I can see the model roughly works as expected:

import matplotlib.pyplot as plt
import matplotlib.pyplot as plt
plt.scatter(p_x_samps[:, 0], p_x_samps[:, 1], s=0.1, alpha=0.5)
plt.scatter(samples["adjusted"][:, 0], samples["adjusted"][:, 1], s=0.1, alpha=0.5)
plt.scatter(y[0], y[1])

However, in low dimensional examples, I want to enumerate over the Bernoulli random variable. I understand that I have to use plates somehow, but I’m not particularly sure how. I made the following adjustments and the model runs with standard HMC:

def model(
    obs: jnp.ndarray, p_x: dist.Distribution, outlier_prob: float = 0.2
):
    d = len(obs)
    obs = jnp.expand_dims(obs, 0)

    with numpyro.plate("d", d, dim=-1):
        error_slab = numpyro.sample("error_slab", dist.Normal(0, 5))
        is_outlier = numpyro.sample("is_outlier", dist.Bernoulli(probs=outlier_prob))

    error_slab = jnp.where(is_outlier, error_slab, 0)
    adjusted_obs = numpyro.deterministic("adjusted", obs - error_slab)
    
    with numpyro.plate("obs", 1, dim=-1):
        numpyro.sample(
            "y",
            TransformedDistribution(p_x, AffineTransform(error_slab, 1)),
            obs=obs,
        )

However, it does not give me the expected results (a lot of the “adjusted” samples are very unlikely in p_x).

Thanks!

fehiepsi · March 17, 2022, 6:05pm

I think you need to loop over d, using this pattern

danielward27 · March 18, 2022, 9:16am

Thanks for the help! I think I’ve got it working now.
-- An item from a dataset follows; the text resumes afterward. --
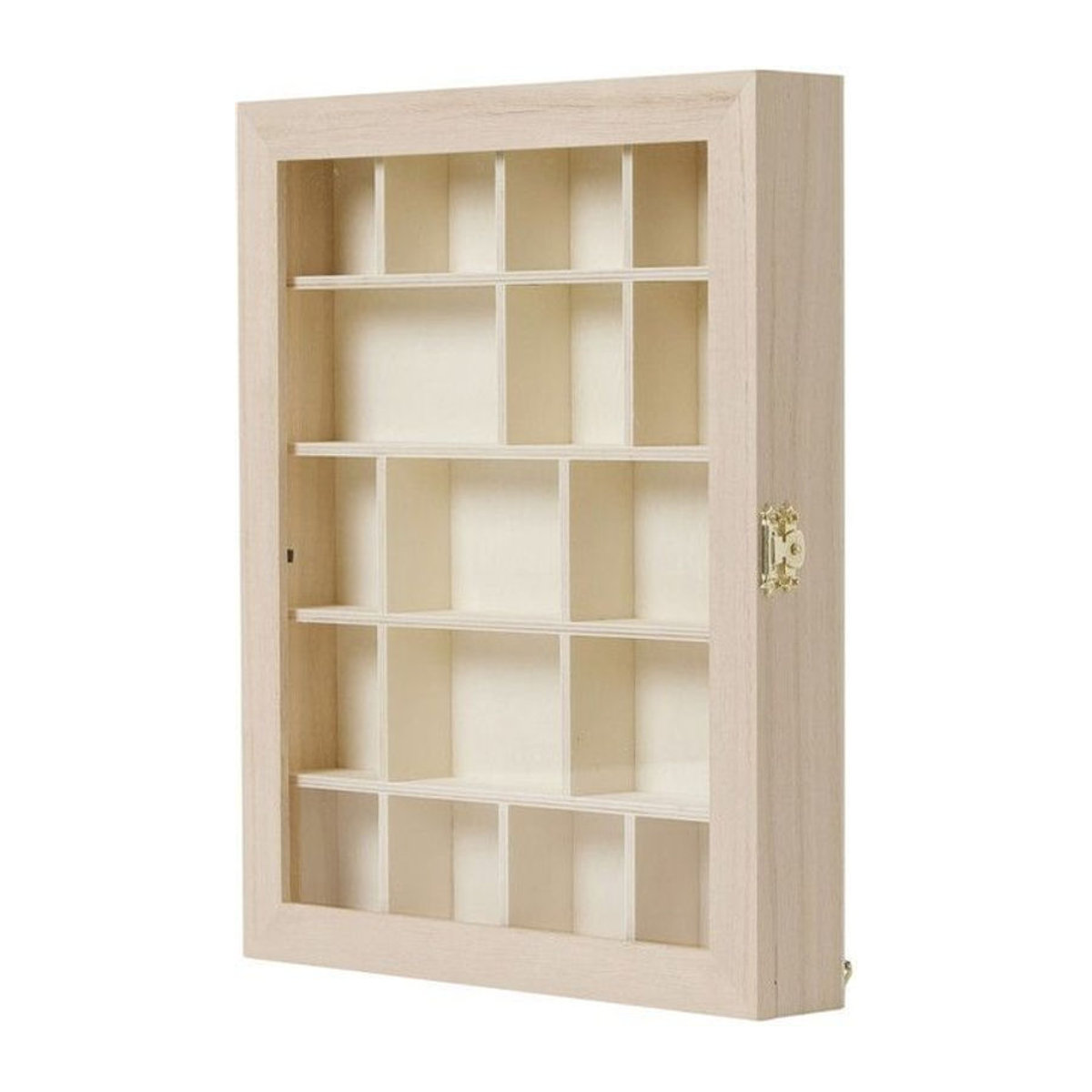 Holzvitrine MegaCrea mit 17 Fächern in Natur, B/T/H: 28 x 23 x 4 cm - Bild 1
Here is the updated model:

from numpyro.infer import MCMC, NUTS
import numpyro
import numpyro.distributions as dist
import jax.numpy as jnp
from jax import random

def model(
    obs: jnp.ndarray,
    p_x: dist.Distribution,
    outlier_probs: jnp.ndarray,
    slab_std: float = 10):
    d = len(obs)

    with numpyro.plate("d", d, dim=-1):
        error_slab = numpyro.sample("error_slab", dist.Normal(0, slab_std))

    masked_errors = []
    for k in range(d):
        is_outlier_k = numpyro.sample(f"is_outlier_{k}", dist.Bernoulli(probs=outlier_probs[k]), infer={'enumerate': 'parallel'})
        masked_errors.append(error_slab[None, k]*is_outlier_k)
    masked_errors = jnp.concatenate(jnp.broadcast_arrays(*masked_errors), axis=-1)

    with numpyro.plate("obs", 1):
        numpyro.sample(
            "y",
            TransformedDistribution(p_x, AffineTransform(masked_errors, 1)),
            obs=obs,
        )

dim = 2
probs = jnp.full((dim,), 0.2)
kernel = NUTS(model)
mcmc = MCMC(kernel, num_warmup=1000, num_samples=5000)
key, mcmc_key = random.split(random.PRNGKey(0))
y = jnp.zeros(dim)
y = y.at[-1].set(4)  # Last dimension outlier in N(0,1)
p_x = dist.Normal(jnp.zeros(dim), 1)
model_args = [y, p_x, probs]
mcmc.run(mcmc_key, *model_args)
samples = mcmc.get_samples()


from numpyro.infer import Predictive
predictive = Predictive(model, samples, infer_discrete=True)
key, subkey = random.split(key)
hidden = predictive(subkey, *model_args)

One pitfall I think I fell into, was that I had a deterministic statement that relied on the value of the discrete latent variable (the "adjusted" in the earlier models). I assume this cannot work as expected when using enumeration? Now, I instead infer the discrete latents after the fact, and then apply my deterministic transform outside the model.

fehiepsi · March 18, 2022, 1:38pm

I think while infer_discrete, you can also obtain deterministic sites. Maybe add a flag to your model to decide when to get deterministic sites?

def model(..., get_deterministic=False):
    if get_deterministic:
        numpyro.deterministic(...)

this cannot work as expected when using enumeration

I think so. Under enumeration, your deterministic sites will have enumerated dimensions. It is better to get deterministic values when infer_discrete.